Eleitos pelo voto, os políticos em democracia tendem a pregar mais aos convertíveis do que aos convertidos. Os convertíveis, aqueles que mudam de voto de eleição para eleição, ou votam numas e noutras não, tendem a ser politicamente menos comprometidos. Ora, o comum do votante, menos engajado, com a vida para tratar, vota tendencialmente ao meio, no mais ponderado dos discursos, dos argumentos. Assim, para capturar o voto do cidadão médio, o político fica capturado pelo discurso que pensa que agrada ao cidadão médio. E aqui a palavra importante é pensa, porque o que o cidadão médio acha varia conforme o tempo, o lugar, o saldo do multibanco - e o político é lento na sua atualização.

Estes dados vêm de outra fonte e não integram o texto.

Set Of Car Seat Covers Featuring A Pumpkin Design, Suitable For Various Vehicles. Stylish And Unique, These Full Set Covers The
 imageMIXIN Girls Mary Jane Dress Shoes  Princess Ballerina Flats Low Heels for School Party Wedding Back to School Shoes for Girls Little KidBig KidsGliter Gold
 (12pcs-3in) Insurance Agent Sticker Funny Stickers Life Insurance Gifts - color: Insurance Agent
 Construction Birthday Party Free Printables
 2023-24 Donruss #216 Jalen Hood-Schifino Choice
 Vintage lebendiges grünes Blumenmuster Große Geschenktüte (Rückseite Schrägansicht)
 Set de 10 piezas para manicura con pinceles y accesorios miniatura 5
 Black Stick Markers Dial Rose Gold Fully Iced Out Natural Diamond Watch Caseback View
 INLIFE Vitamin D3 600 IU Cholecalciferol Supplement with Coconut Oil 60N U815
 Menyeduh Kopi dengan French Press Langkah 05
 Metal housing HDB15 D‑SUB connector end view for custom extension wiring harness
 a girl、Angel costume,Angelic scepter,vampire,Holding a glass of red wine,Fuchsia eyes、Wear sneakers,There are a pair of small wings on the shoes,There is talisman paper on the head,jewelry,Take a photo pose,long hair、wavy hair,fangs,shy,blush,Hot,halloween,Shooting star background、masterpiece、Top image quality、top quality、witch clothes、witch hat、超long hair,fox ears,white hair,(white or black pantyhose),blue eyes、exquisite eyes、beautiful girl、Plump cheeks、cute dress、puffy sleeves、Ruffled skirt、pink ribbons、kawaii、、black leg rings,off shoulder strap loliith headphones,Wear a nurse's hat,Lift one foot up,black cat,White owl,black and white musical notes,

A isto juntou-se a crise financeira, com os seus efeitos aparentemente contraditórios no discurso público, que anda sempre entre o reiki e o pelourinho. De um lado, a crise, os mercados, o rating, como forças celestes fora do domínio dos homens; do outro, a procura dos culpados de carne e osso, banqueiros centrais e periféricos para arderem depois de inquiridos e condenados expiando os pecados de todos. Estes dois discursos sobre a crise, aliados ao discurso do politicamente correto, deixam muito pouco espaço aos atores políticos tradicionais para outro tipo de tomadas de posição, para outras batalhas na praça pública, para o que importa.
Além disso, há o novo fôlego do politicamente correto que resulta da captura pelas forças tradicionais de espaços menos tradicionais, ou da chegada ao poder da extrema-esquerda, de certa maneira ambas representam um crescimento do centro. Aquilo que António Costa fez em Portugal, apeando um governo recém-eleito (nem me deu tempo para fazer um mês completo para efeitos de CV), indo a primeiro-ministro juntando aos seus os votos de partidos mais nas extremas que agora traz no bolso (chapeau), nada mais é do que expandir o centro acrescentando uns pozinhos de politicamente correto. Ou o que aconteceu na Grécia, em que o novo PASOK, ainda chamado Syriza, é obrigado (?) a governar como governaria qualquer outro governo, mas tentando não perder o seu eleitorado que continua a tentar apaziguar mais pela voz do que pela caneta. A consequência da chegada ao poder de partidos mais à esquerda é também a entrada no discurso de governo (e não apenas de luta ou oposição) de um ainda maior acervo de medidas oriundas do politicamente correto, mas um politicamente correto de nicho, das universidades, das elites urbanas (porque, não havendo operários, não há votos operários, não há que ter um discurso operário) - veja-se, enquanto a Europa arde em terrorismo, a proposta de polícias de vizinhos da alcaldesa madrilena eleita pelo Podemos.
Um discurso ainda dominado pela crise financeira, aliado à força magnética de um centro que cresce e se transmuta, com os holofotes a serem disputados por um novo tipo de politicamente correto, que acresce ao tradicional, redunda num discurso que oscila, no mesmo dia, entre as casas decimais do défice ou o excesso de turistas em Alfama, numa discussão que enreda tanto governos, como as oposições.
Mas o problema são os convertíveis, as pessoas, que não querem saber disso para nada. Ou melhor, querem saber, mas começam a ficar muito preocupadas com as coisas com que realmente devem estar preocupadas: a segurança interna, a imigração e a segurança social, ou seja, o seu futuro.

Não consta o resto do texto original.